Siebert / Porcherie volume 4
Huit secondes, nouvelle initialement parue dans la Revue Métèque numéro 2 (je ne suis pas certain du numéro, les collectionneurs corrigeront), est une sorte d’histoire d’amour mélancolique sans inceste, pédophilie ni massacre, donc une grande première pour moi.
J’ai déambulé et jeté un oeil aux gens et à mon ombre qui parfois s’étirait comme un Giacometti. À une terrasse j’ai commandé un demi, eu droit en plus à une coupelle de chips, toutes les tables étaient occupées et tout le monde parlait fort en profitant du soleil, j’ai savouré tout ça un moment, ça faisait du bien. Je ne regardais rien en particulier et j’écoutais sans y faire attention des bouts de conversations et peut-être que ça me donnait l’air d’un type en train de réfléchir à des choses importantes mais c’était tout le contraire, j’étais vide de toute pensée, de toute phrase même, il ne me restait plus qu’une poignée de mots, « tiroir », « valise », qui me rendaient triste, j’essayais de les éviter, et mes émotions étaient réduites à rien, des petits bouts de peau se détachant tout seuls.
Quand je suis revenu à l’appart il faisait nuit, j’étais bourré et elle n’était plus là, la valise non plus.
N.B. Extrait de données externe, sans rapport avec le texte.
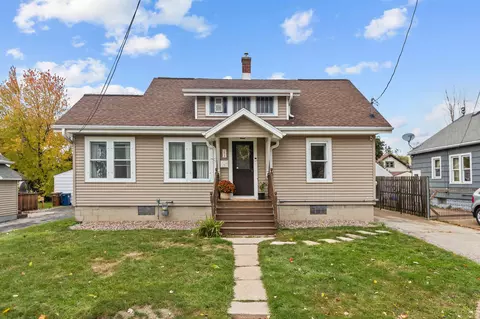 204 4th St, Menasha, WI 54952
Le tiroir était refermé avec sans doute le cendrier dedans. Au lieu d’aller vérifier je suis descendu à l’épicerie m’acheter une bouteille de vodka et une brique de jus d’orange. C’est à mon retour que j’ai vu la lettre. Elle était posée sur la table, trois feuilles couvertes de son écriture, je l’ai froissée sans lalire et jetée à la poubelle.
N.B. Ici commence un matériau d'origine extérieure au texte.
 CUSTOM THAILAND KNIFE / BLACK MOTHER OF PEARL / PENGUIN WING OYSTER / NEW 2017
Killing Hanouna est une fantaisie méchante et gore initialement parue dans Violences numéro 4 (là non plus, pas certain du numéro, Alzheimer me guette) et qui a eu son petit succès sur les réseaux sociaux et sur scène. Pour une fois que je fais marrer les gens, je vais pas bouder mon plaisir.
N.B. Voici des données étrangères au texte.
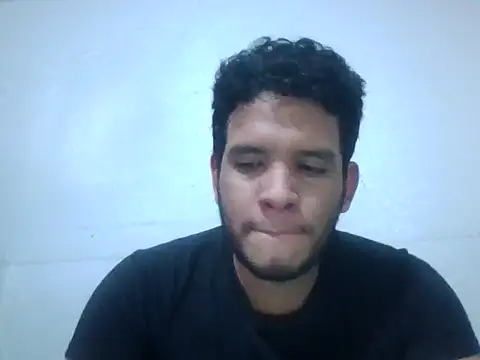 Snapshot of josecamsex27 chatting on November 18, 2025, 7:17 pm josecamsex27 online show from November 18, 2025, 7:17 pm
Les samedis suivants, de neuf heures à midi, si vous m’aviez cherché, vous m’auriez trouvé dans ma bagnole, garé en face du cabinet, l’air de rien, en train de lire le journal. Il ne m’a pas fallu guetter six mois pour apercevoir Hanouna entrer dans le cabinet avec sous le bras une caisse de transport pour chat. C’était mon troisième samedi dans la bagnole, j’avais potassé ses horaires, je pouvais pas me tromper. Il était sans son garde du corps, le fameux tocard dont tous les journaux se demandent s’il est armé ou pas – et tant mieux, j’avais pas envie de vérifier. Un quart d’heure plus tard il est ressorti du cabinet, n’avait plus sa caisse sous le bras et moi j’étais garé juste devant l’entrée. Ça m’a même pas pris trente secondes, de me précipiter sur lui, de lui chloroformer la gueule et de l’embarquer, c’était beau et simple comme dans un film, il a pas dû comprendre ce qui lui arrivait.
Lettre d’amour à ma fille est un texte violent et mélancolique initialement paru dans Violences numéro 1 (ah, celui-là j’en suis sûr, ouf !) et qui se situe dans la lignée de mes récits durs et tristes.
Tu connais mal ma vie, tu connais mal la vie en général. À huit ans tu es trop petite pour avoir une idée du cauchemar permanent qu’elle représente pour moi, mais dans cette existence affreuse qui me dévore vivant, comme plongé depuis l’âge adulte dans une piscine peuplée de piranhas à l’infinie patience, tu es mon seul moment de paix, mon unique bonheur.
En général je reste ainsi un quart d’heure, je ne pense à rien et c’est merveilleux, comme si tu me donnais de l’énergie, comme si auprès de toi je me rechargeais.
Ensuite je vais dans ma chambre à moi où généralement ta mère dort déjà, sinon c’est qu’elle regarde la télé et alors il faut que nous parlions un petit moment. Elle me raconte sa journée. Elles défilent toutes à l’identique, entièrement construites d’une routine solide comme du béton, indestructible, pourtant ta mère a toujours de quoi dire, jour après jour, année après année, anecdote amusante, détail, motif minuscule de joie ou d’agacement. Moi je ne raconte rien, pour quoi faire ? À quoi ça sert ?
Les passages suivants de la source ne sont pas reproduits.